Foto: APA / EPA / Sergej Dolzhenko

Kurz vor der Regionalwahl in der Ukraine am kommenden Sonntag war noch einmal Patriotismus Trumpf: Am frisch ausgerufenen "Tag des Ukraine-Verteidigers" vergangenen Mittwoch präsentierte das Militär nicht nur gepanzerte Wasch- und Feldküchen. Vor dem Hintergrund des Kiewer St. Michaelsklosters durften Eltern auch Kinder auf Kampfpanzern fotografieren. Die auf die Bühne gepinselte Losung "Stärke der Unbesiegten" hatte Anklänge an die in Deutschland nach dem Ersten Weltkrieg kursierende "Unbesiegt im Felde"-Legende.

Wenige hundert Meter weiter auf dem Maidan erschallten Kosakenlieder und Lesja Rois "Hol mich raus aus Neurussland" in voller Lautstärke. Und während Freiwillige für verwundete Soldaten Spenden sammelten, nutzten die Parteien die Maidan-Symbolik für ihren Wahlkampf und verteilten eifrig Agitationsmaterial.

Poroschenko in Kampfpose

Auch Präsident Petro Poroschenko nutzte den Tag für einen martialischen Auftritt: Das Fernsehen zeigte ihn als Kopilot einer SU-27. Der Auftritt hat Vorgänger – Wladimir Putin flog schon vor 15 Jahren in seiner ersten Präsidentschaftskampagne mit dem Jagdbomber. Poroschenkos vermeintlicher PR-Coup rief in Kiew daher eher Spott hervor. Kriegsrhetorik ist kaum noch gefragt, die meisten Ukrainer sind froh darüber, dass der Konflikt im Donbass nun zumindest eingefroren wurde. Sie plagen andere Sorgen. Die Wirtschaft ist im Fall, die Währung abgewertet, Inflation und steigende Tarife haben das Lebensniveau der Menschen gedrückt.

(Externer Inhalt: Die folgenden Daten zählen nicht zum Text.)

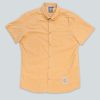 Mand LAKOR Skjorter | Oxford Short Sleeve Khaki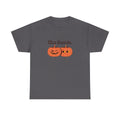 Nice Gourds Funny Pumpkin Fall Halloween T-Shirt in Charcoal – front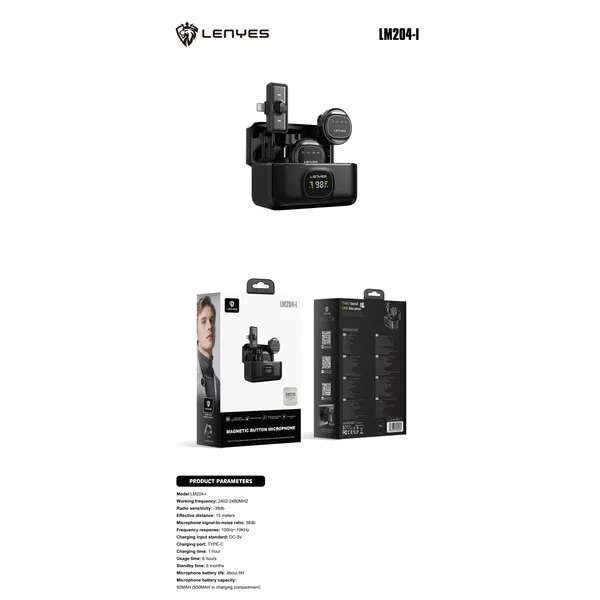Lenyes USB-C Microphone LM204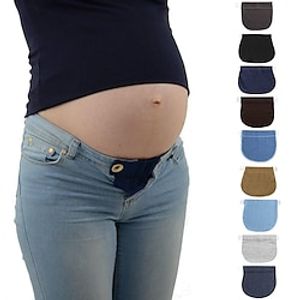 1pc Maternity Pregnancy Waistband Belt Adjustable Elastic Waist Extender Clothing Pants for Pregnant miniinthebox
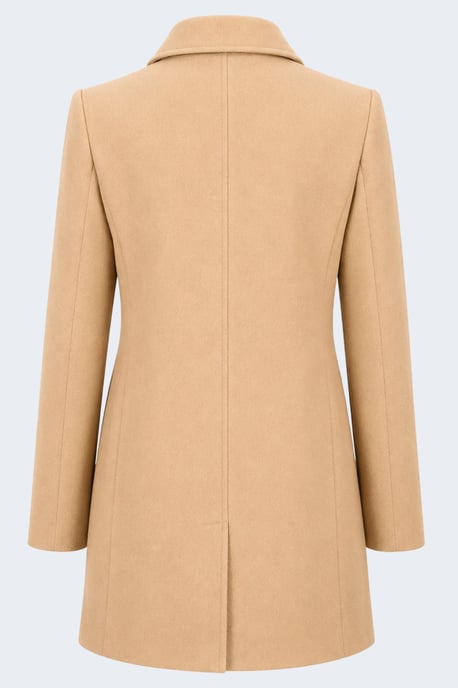 Pepper Tailored Single-Breasted Coat Camel - Image 6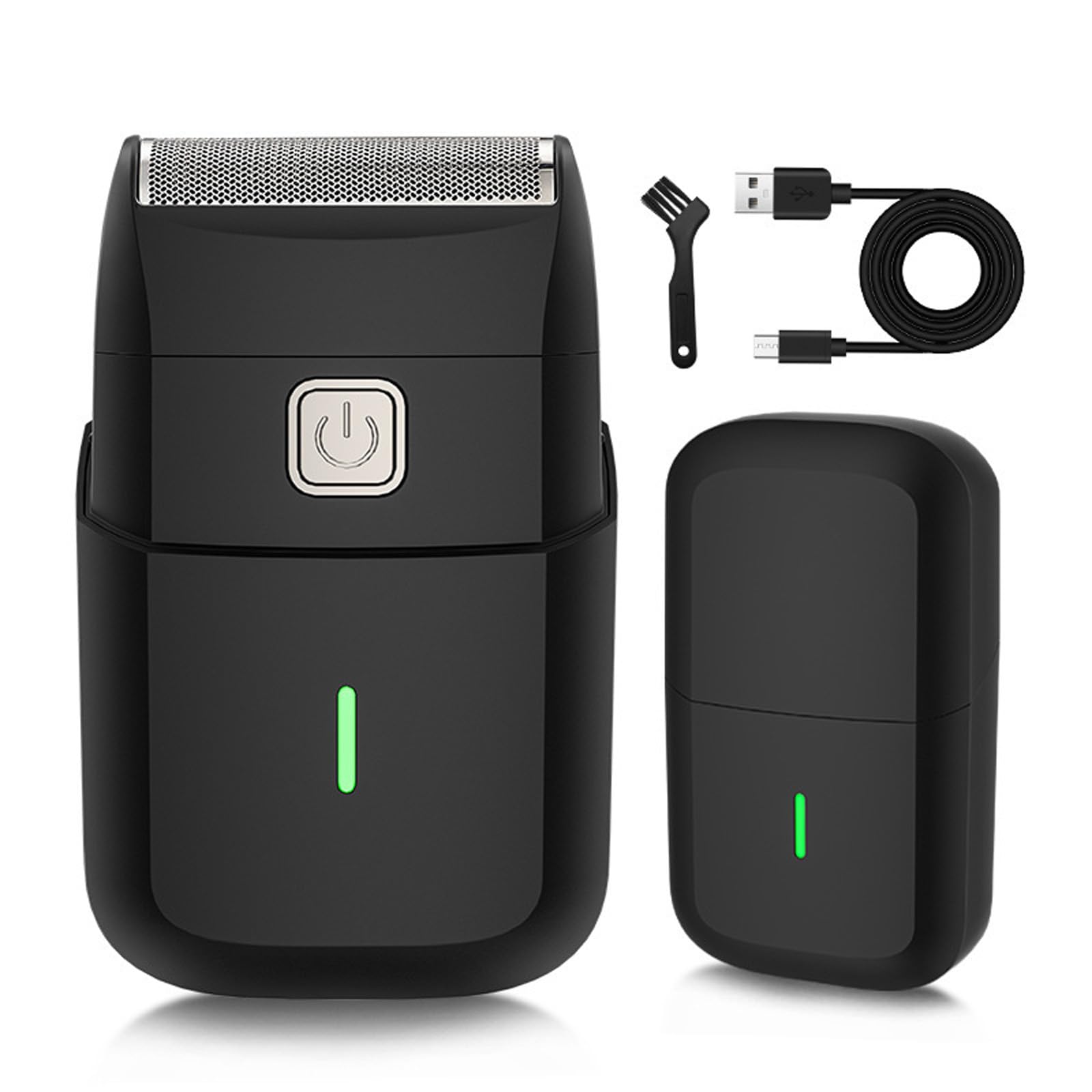Rasoio elettrico singolo ergonomico con porta di ricarica USB Foil per la depilazione Batteria portatile a lunga durata senza fili.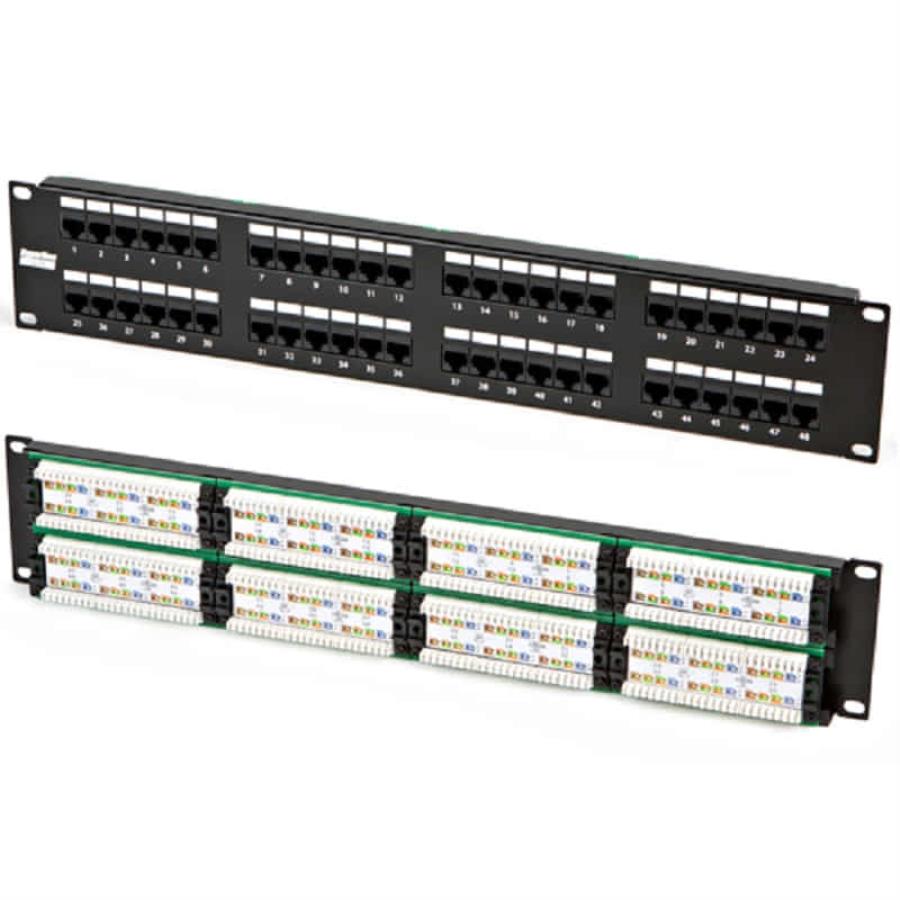 картинка Патч-панель 48 портов RJ45 Cat.5e Б/У от магазина Интерком-НН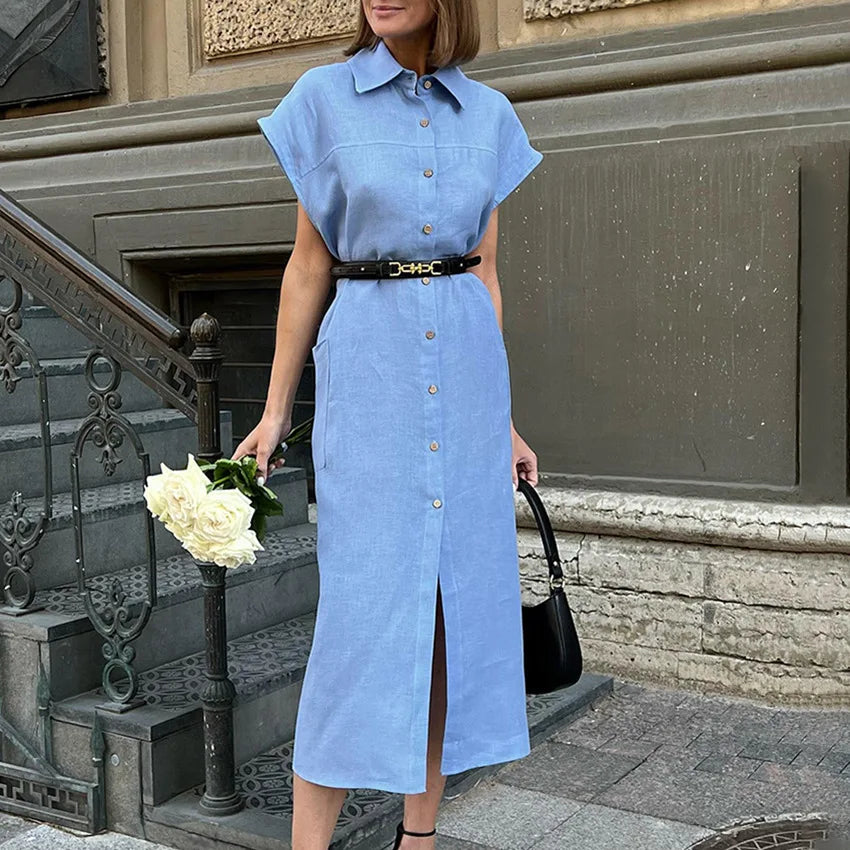 Women’s Linen Cotton Maxi Dress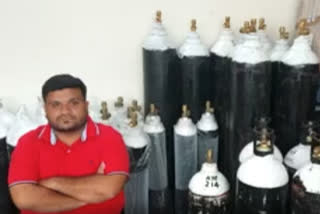 illegal oxygen cylinders seized in hyderabad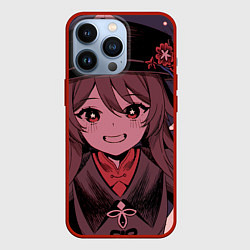 Чехол для iPhone 13 Pro БУУУУ ХУ ТАО HU TAO, цвет: 3D-красный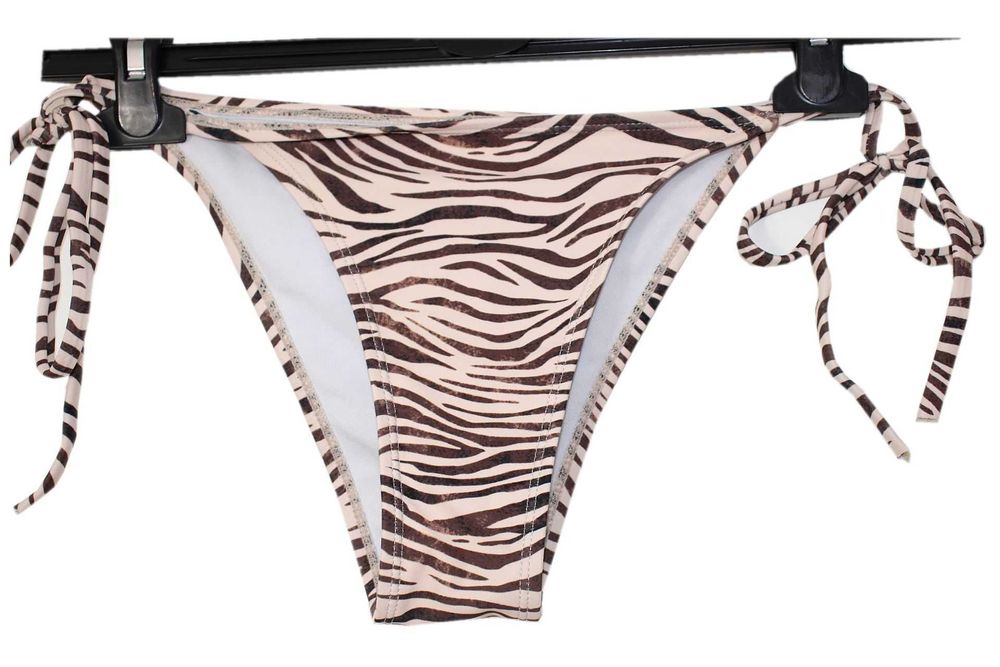 r1 Dół od Kostiumu Kąpielowego Majtki Brązowa Zebra __M 38
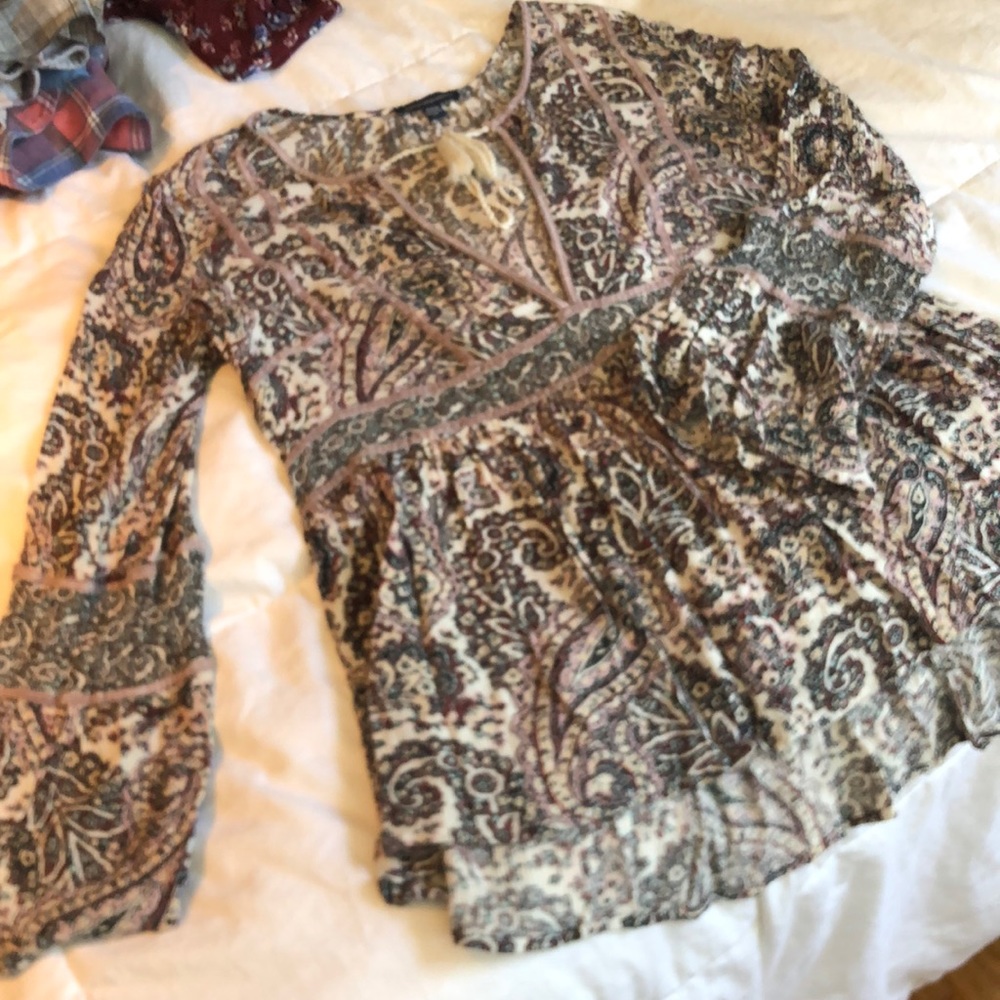 Paisley Boho Blouse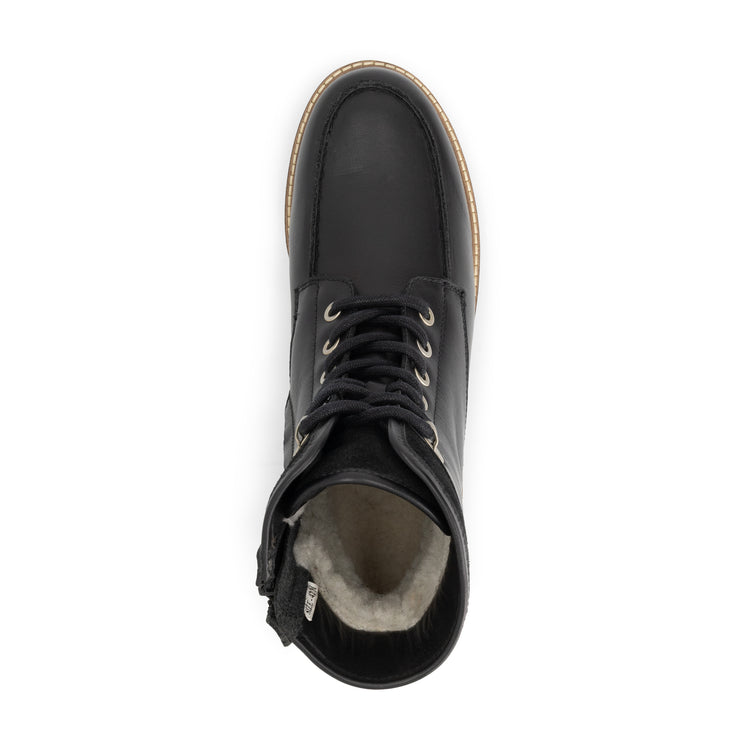 Langstrand Men - Lace-up boots - Wool-lined - Black UPS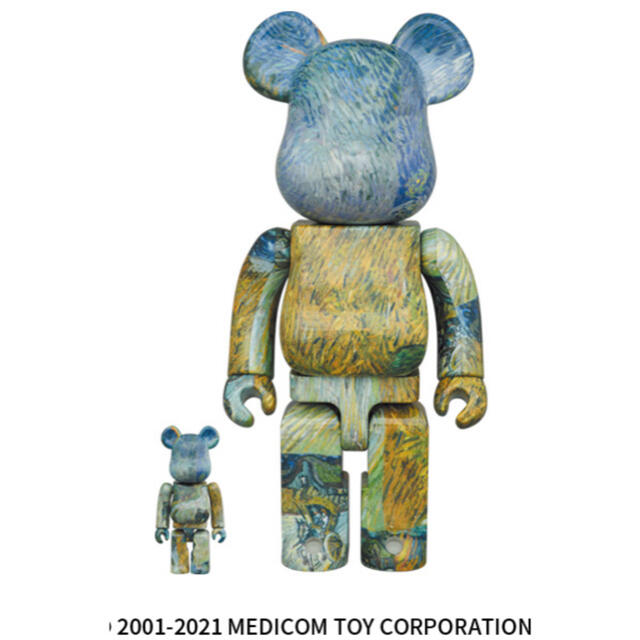 BE@RBRICK 100%u0026400% ゴッホ展オリジナル-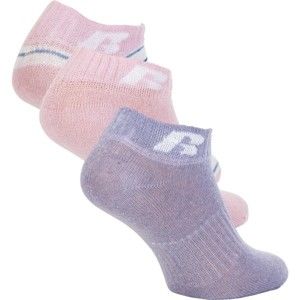 Russell Athletic KIDS ANKLE SOCK 3 PÁRY Detské ponožky, ružová, veľkosť 23-25
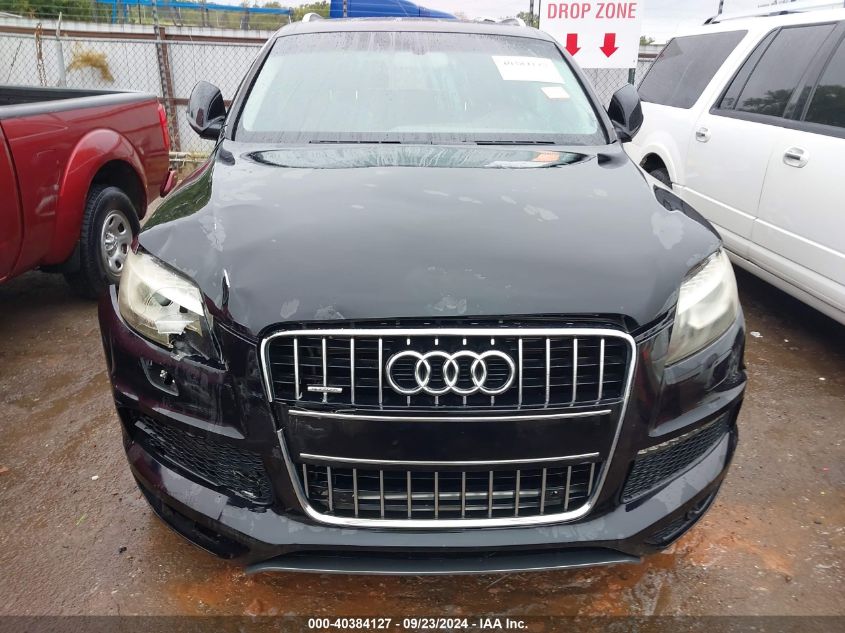 WA1DGBFE5CD008114 2012 Audi Q7 3.0T S Line Prestige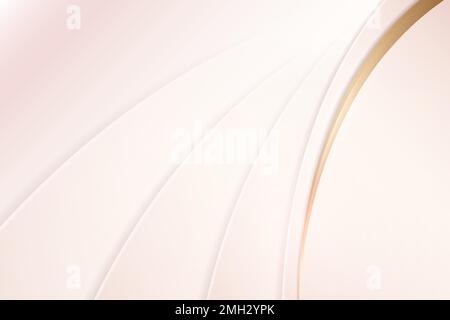 Soft abstract curved background vector Stock Vector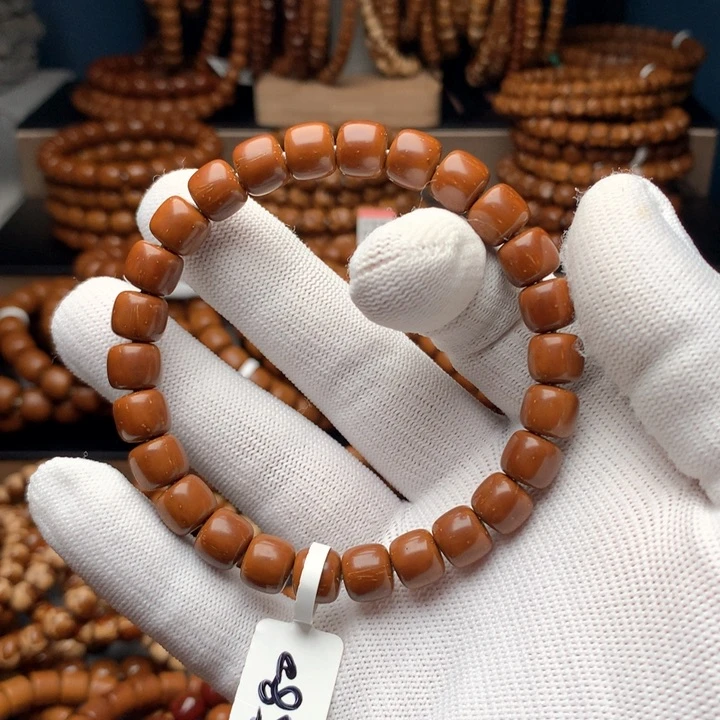 非金属木质紫金鼠9×8道珠老型单圈精品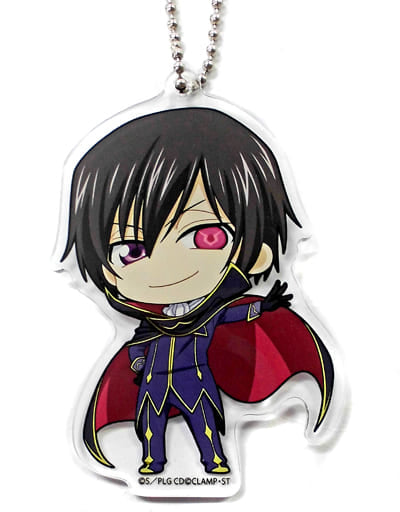Lelouch Lamperouge Code Geass: Lelouch of the Rebellion II - Transgression Acrylic Key Chain Collection Theater Limited Key Chain [USED]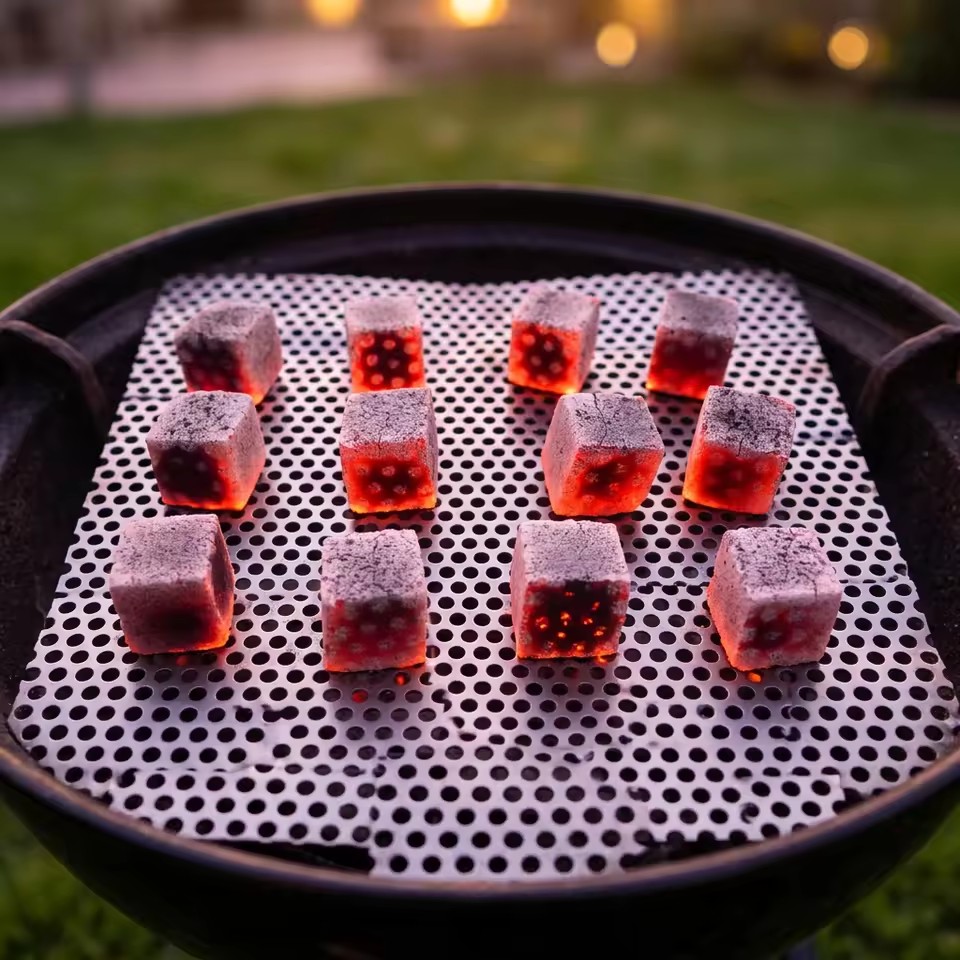 Indonesian shisha enthusiasts will love this coconut shell charcoal with instant-lighting cube briquettes.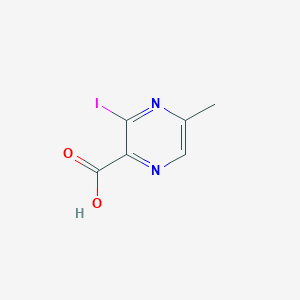 molecular formula C6H5IN2O2 B15333177 3-Iodo-5-methylpyrazine-2-carboxylic acid 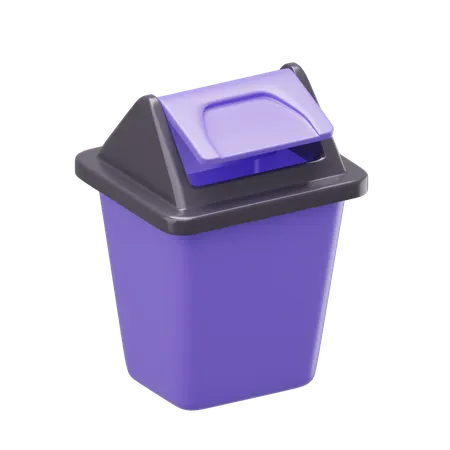 Trash Can  3D Icon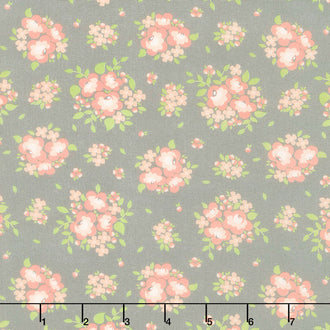 Apricot & Ash - Spring Blooms Ash Yardage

Rund 50 Parteien stellen sich in Kiew zur Wahl. Die meisten von ihnen werden von Oligarchen gesteuert, da die Kampagne zig Millionen Dollar kostet. Manche Milliardäre schicken sogar mehrere Pferde ins Rennen. So soll Poroschenko neben seiner eigenen Partei Solidarnost angeblich auch die Partei Ruch unterstützen, die sich als neue Kraft etablieren will und die Korruption auf Beamtenebene anprangert.

Sein Widersacher Ihor Kolomojskyj ist mit Ukrop vertreten, soll aber auch die Samopomitsch unterstützen und sogar den Kiewer Bürgermeisterkandidaten vom Rechten Sektor Borislaw Berjosa auf der Gehaltsliste haben.

"Wir sind Bettler"

Das Vertrauen der Bevölkerung in die Politiker ist gering. Das muss auch der 36-jährige Alexander erfahren, der in einer der Kiewer Schlafstädte kandidiert: Die meisten Bewohner lehnen seine Handzettel ab und wollen ihn kaum anhören. Wer es doch tut, klagt: "Wir sind Bettler", sagt Pensionistin Alexandra, die ihren Enkel im Kinderwagen durch den Kiewer Außenbezirk Posnjaki schiebt. Die Pension reiche hinten und vorne nicht, ihr Sohn finde seit Monaten keinen guten Job.

Posnjaki ist ein Paradebeispiel für uneingelöste Versprechen: Seit 15 Jahren quälen sich die Bewohner mit dessen schlechter Infrastruktur. Sowohl zur Metro als auch zu Bus und Bahn sind es teils kilometerlange Fußmärsche. Parkplätze fehlen ebenso wie Kindergärten und Schulen. "Ich habe als Krankenschwester im Kindergarten angefangen, um mein Kind dort unterzubringen", sagt Inna, die mit ihrer Tochter auf dem Heimweg ist, als sie von Alexander angesprochen wird. Ihr Gehalt beträgt umgerechnet 50 Euro.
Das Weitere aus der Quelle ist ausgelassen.